Residents who are uninsured or whose insurance no longer covers their situation may be eligible for support through the Alberta government’s Wildfire Evacuee Transitional Accommodation Benefit. For more information, visit www.alberta.ca/documents/Wildfire-Evacuee-WETA-May-20.pdf.
Filing Insurance Claims
- Document the damage.
- Keep a running list of all damaged or destroyed items with estimated purchase dates and prices, as well as the cost to replace each item.
- If possible, assemble proofs of purchase, photos, receipts and warranties. Take photos of the damage and keep damaged items unless they pose a health hazard.
- Keep receipts for your living expenses while you were out of your home.
- Ask your insurance representative what further living expenses you may be entitled to recover and for what period of time.

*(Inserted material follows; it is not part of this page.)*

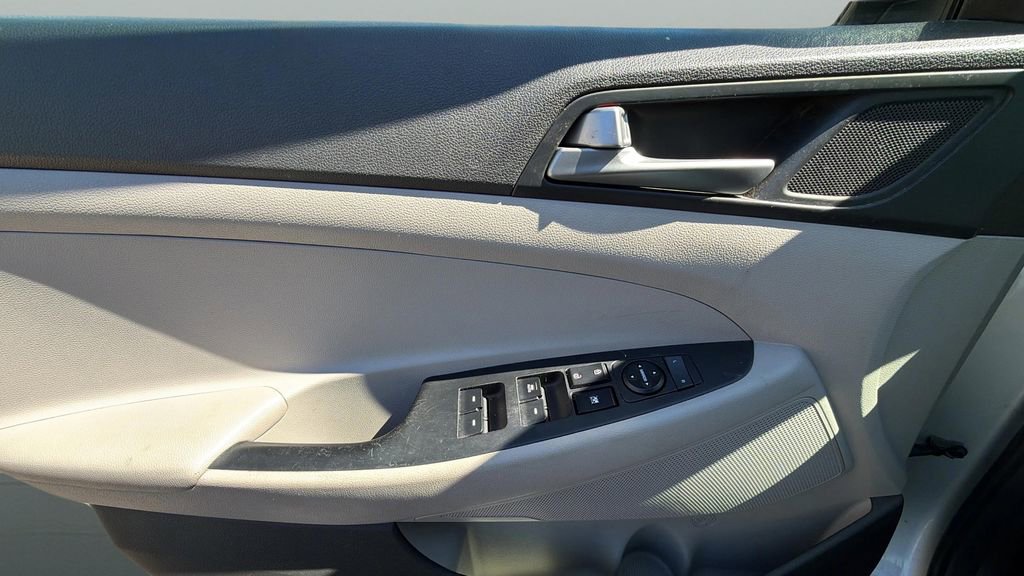 Used 2016 Hyundai Tucson SE w/ Option Group 02 image 28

In many cases, residents have already connected with their insurers at the evacuation centres. Once you contact your insurer, an adjuster will be assigned to you.
The insurance industry is working closely with local officials to quickly find temporary housing for the hundreds of insurance adjusters who are ready to arrive and start helping residents. Many claims have already been filed, and insurers are available by phone and email. Insurers are eager to quickly begin helping the people of Fort McMurray rebuild their homes and their community.
Cleaning Up Damaged Fridges and Freezers
One of the first cleanup issues people may face is dealing with damaged refrigerators and/or freezers. Because most Fort McMurray homes had electricity during the evacuation, with only brief power outages, not all fridges and freezers will be damaged. As such, many may not have to discard their fridges or freezers. In fact, to save landfill space and everyone’s valuable time during recovery, it makes sense to keep fridges and freezers that are safe to use.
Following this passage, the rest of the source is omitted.